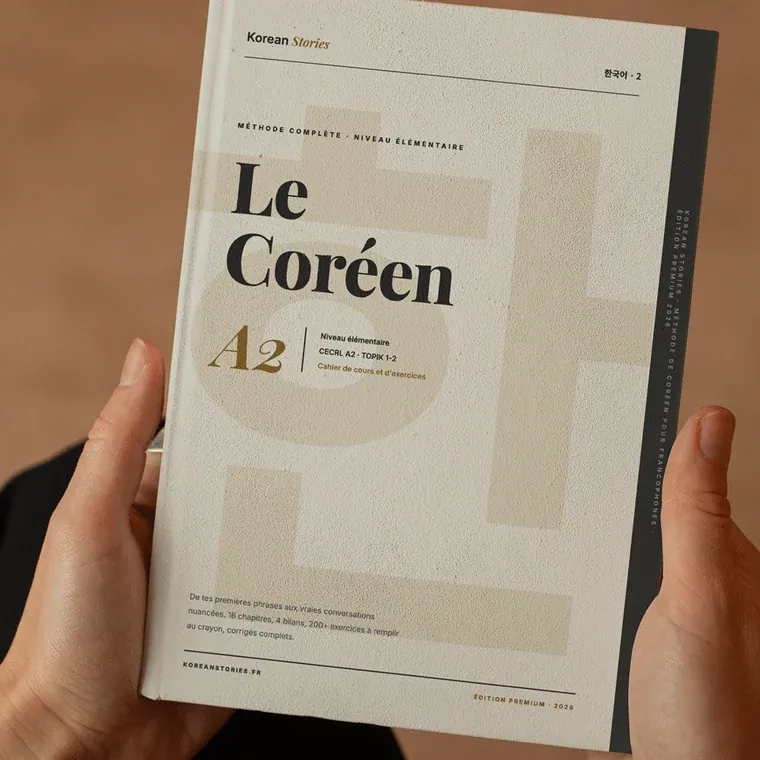 Le Livret A2 Korean Stories, cahier de cours et d'exercices niveau élémentaire, tenu à deux mains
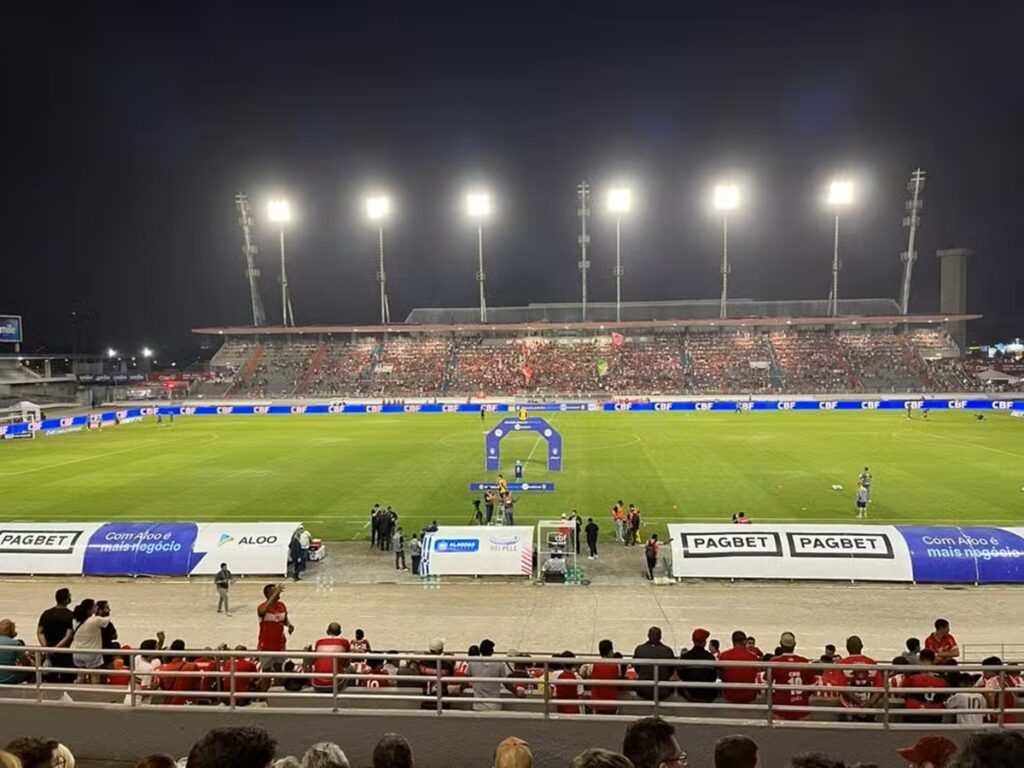 CRB e Athletic se enfrentam hoje no Rei Pelé pela 4ª rodada da Série B: Expectativas em Alta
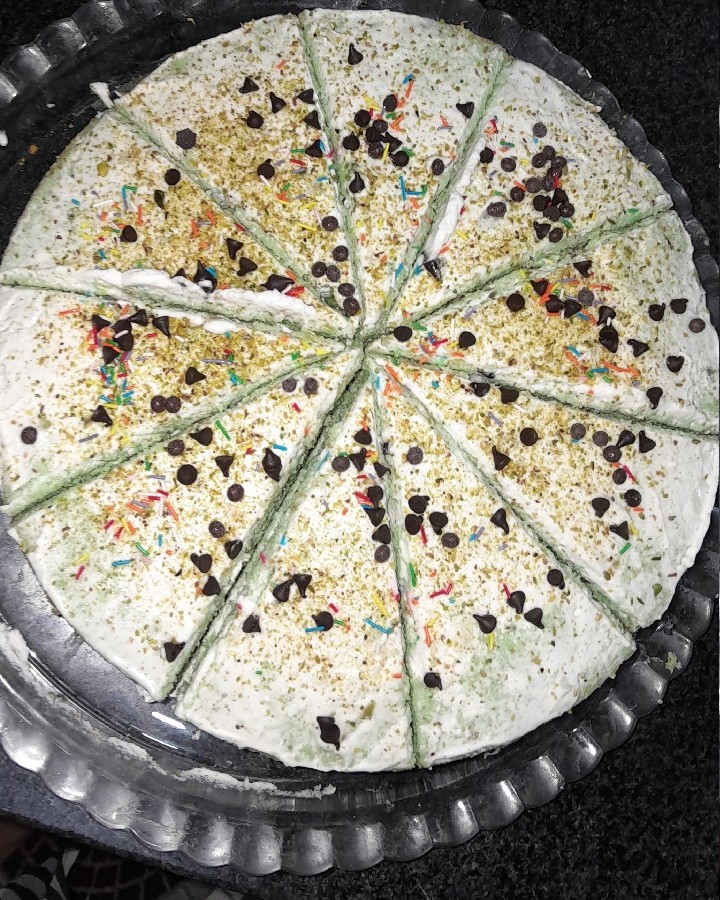 کیک پسته ای کافی شاپ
_ _ _ _ _ _ _
▶ **Your objective**: Go through the material above and print all of it exactly, except the pictures.

▶ **Solution to this problem**:
 Le Livret A2 Korean Stories, cahier de cours et d'exercices niveau élémentaire, tenu à deux mains
 CRB e Athletic se enfrentam hoje no Rei Pelé pela 4ª rodada da Série B: Expectativas em Alta
 کیک پسته ای کافی شاپ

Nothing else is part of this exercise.